HOW TO COMPLETE THIS TASK:
Each entry should be printed exactly, with its images omitted.

Caption-style text data:
=-=-=-=-=
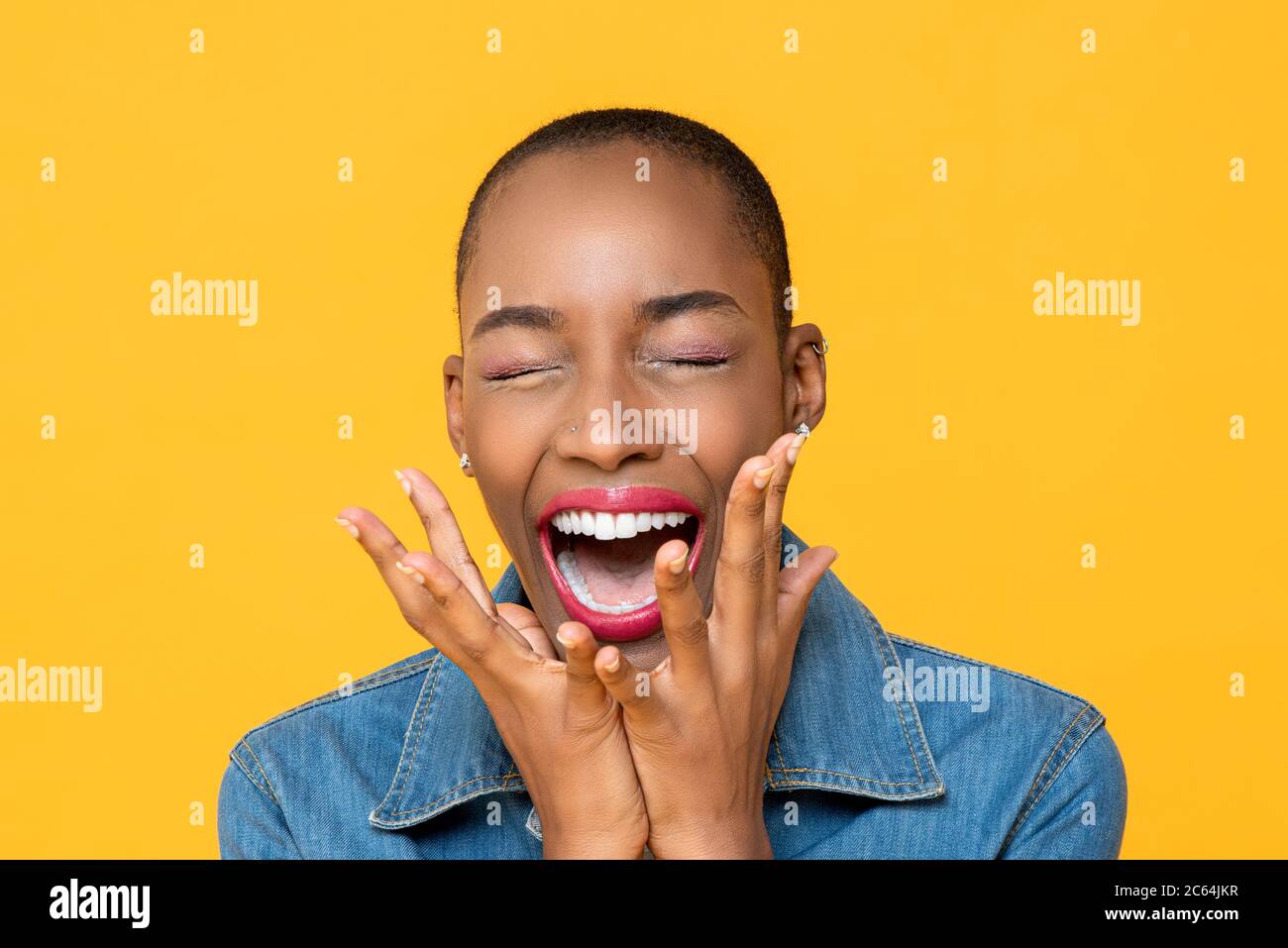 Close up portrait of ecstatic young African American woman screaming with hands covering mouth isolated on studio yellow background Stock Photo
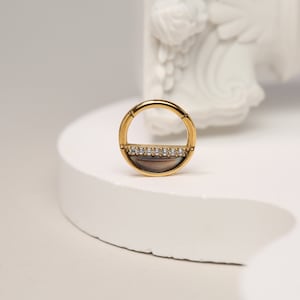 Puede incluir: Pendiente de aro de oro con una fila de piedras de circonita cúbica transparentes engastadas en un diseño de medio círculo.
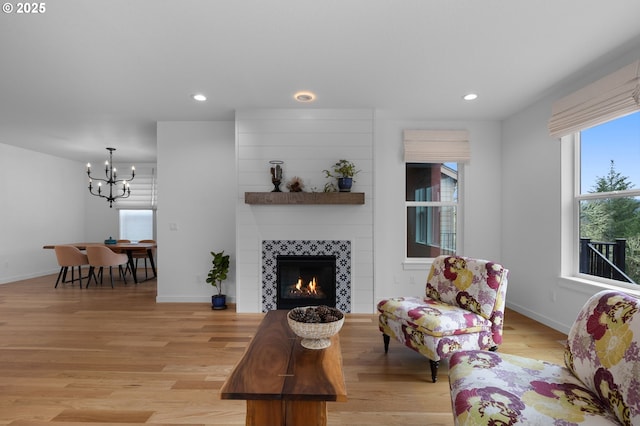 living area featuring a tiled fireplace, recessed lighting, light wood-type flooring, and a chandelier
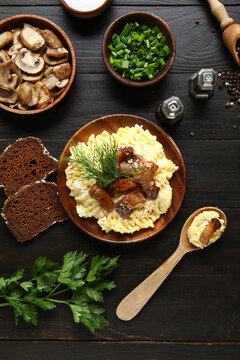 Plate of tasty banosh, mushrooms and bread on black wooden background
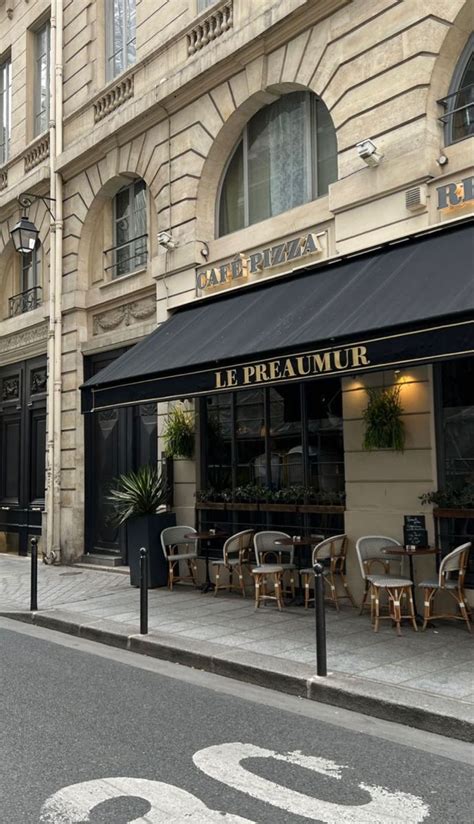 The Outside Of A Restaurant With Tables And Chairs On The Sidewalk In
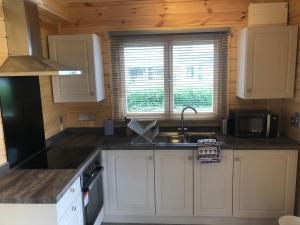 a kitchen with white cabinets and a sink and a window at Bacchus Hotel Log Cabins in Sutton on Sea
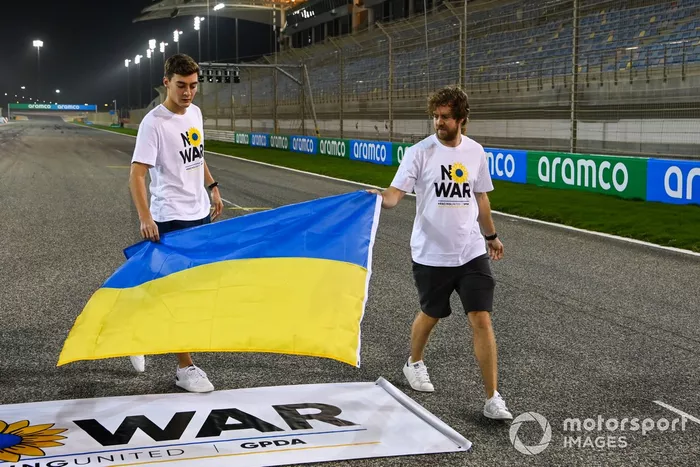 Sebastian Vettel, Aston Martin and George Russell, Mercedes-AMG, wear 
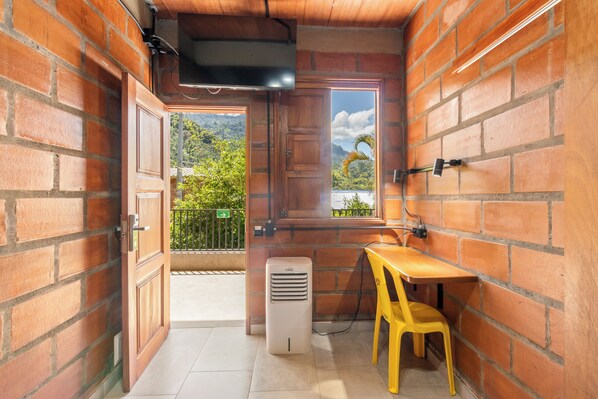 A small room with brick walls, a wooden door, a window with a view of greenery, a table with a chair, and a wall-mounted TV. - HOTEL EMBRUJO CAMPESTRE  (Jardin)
=-=-=-=-=
EXERCISE RESPONSE:
 Close up portrait of ecstatic young African American woman screaming with hands covering mouth isolated on studio yellow background Stock Photo
 Puede incluir: Pendiente de aro de oro con una fila de piedras de circonita cúbica transparentes engastadas en un diseño de medio círculo.
 living area featuring a tiled fireplace, recessed lighting, light wood-type flooring, and a chandelier
 Plate of tasty banosh, mushrooms and bread on black wooden background
 The Outside Of A Restaurant With Tables And Chairs On The Sidewalk In
 a kitchen with white cabinets and a sink and a window at Bacchus Hotel Log Cabins in Sutton on Sea
 Sebastian Vettel, Aston Martin and George Russell, Mercedes-AMG, wear 
 A small room with brick walls, a wooden door, a window with a view of greenery, a table with a chair, and a wall-mounted TV. - HOTEL EMBRUJO CAMPESTRE  (Jardin)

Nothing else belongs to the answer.